Tailoring a periodic metal nanoantenna array using low cost template-assisted lithography

Recently, great effort has been invested into nanofabrication approaches that allow fast, reproducible and parallel surface patterning over a large area at the nanoscale. Here, a simple and reproducible approach for the fabrication of a large area highly ordered array of metal nanostructures by nanosphere lithography (NSL) is presented. Based on the self-assembly of close-packed polystyrene (PS) particles, at the air/water interface, this cost-effective approach enables the fabrication of a large-area and transferrable colloidal mask with a high quality crystal-like structure. An interesting tool based on optical diffraction for non-invasive inspection of the monolayer quality to perform in situ monitoring of the colloid packing at the air/water interface before deposition onto solid substrates was developed. Exploiting the interstitial geometry of the colloidal mask, a periodic array of plasmonic nanostructures was easily prepared. Tailoring the optical response of metal nanoparticle assemblies by controlling their morphology to route and manipulate light at the nanoscale is a key topic in the field of nano-optics; to this aim, exploitation of a low-cost nanofabrication technique, allowing a dynamic tunability either in morphology and periodicity arrangement, can be of remarkable added value in a cost-effectiveness evaluation.
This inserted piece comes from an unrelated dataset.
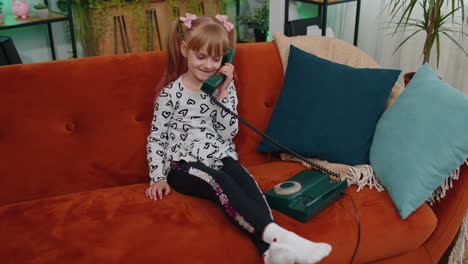 Smiling-young-children-girl-making-conversation-call-on-retro-phone-with-friends-on-couch-at-home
Here, the versatility of the NSL technique, coupled to a proper annealing post-processing is demonstrated to meet the above needs, allowing parallel surface patterning of large area metal assemblies in a hexagonal periodic configuration and morphology tuning from three dimensional nanoprisms to zero dimensional nanodot profiles. Related optical properties were monitored by UV-vis spectroscopy investigations and compared with proper theoretical analysis and numerical simulation. Tailoring the optical response of metal nanoparticles by controlling their morphology is a key topic in the field of nano-optics. Here, a simple approach for the fabrication of tunable plasmonic nanostructures by nanosphere lithography is presented.